Dataset content: Begin
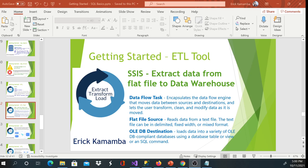Hi and welcome, this is Eric. Today I'm going to show you how to extract data from a flat file to a data warehouse. We'll be using three components: the first one is a Data Flow Task, which helps us move data from source to destination and also helps us transform, clean, and modify data as we are moving it.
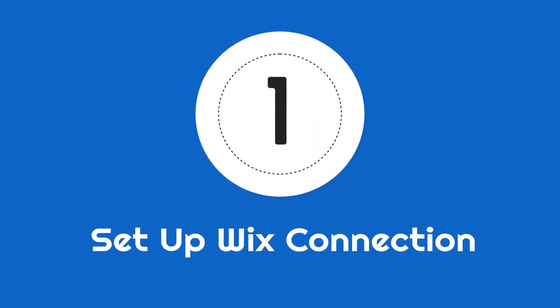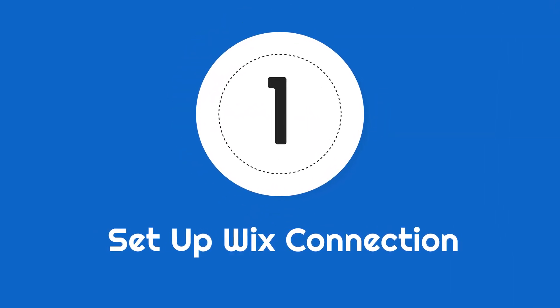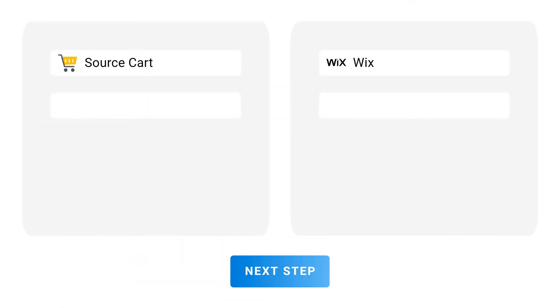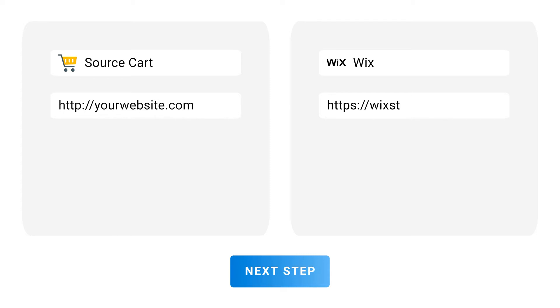Step 1: Set up Wix connection. First, fill in your source store information. Then, set up a connection to your Wix website and fill in the site URL.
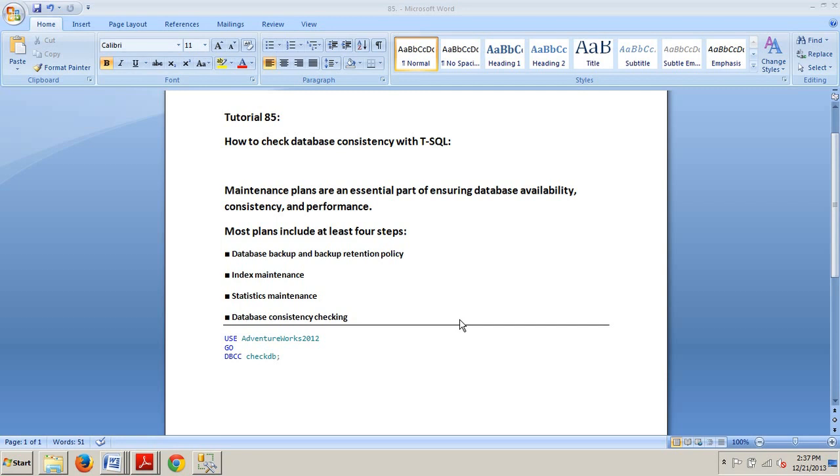Maintenance plans are an essential part of ensuring database availability, consistency, and performance. Most plans include at least four steps that I have outlined right here.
Dataset content: End
Required work ::
An unaltered copy of the material, without images, should be set down.

Response box ::
Hi and welcome, this is Eric. Today I'm going to show you how to extract data from a flat file to a data warehouse. We'll be using three components: the first one is a Data Flow Task, which helps us move data from source to destination and also helps us transform, clean, and modify data as we are moving it.
Step 1: Set up Wix connection. First, fill in your source store information. Then, set up a connection to your Wix website and fill in the site URL.
Maintenance plans are an essential part of ensuring database availability, consistency, and performance. Most plans include at least four steps that I have outlined right here.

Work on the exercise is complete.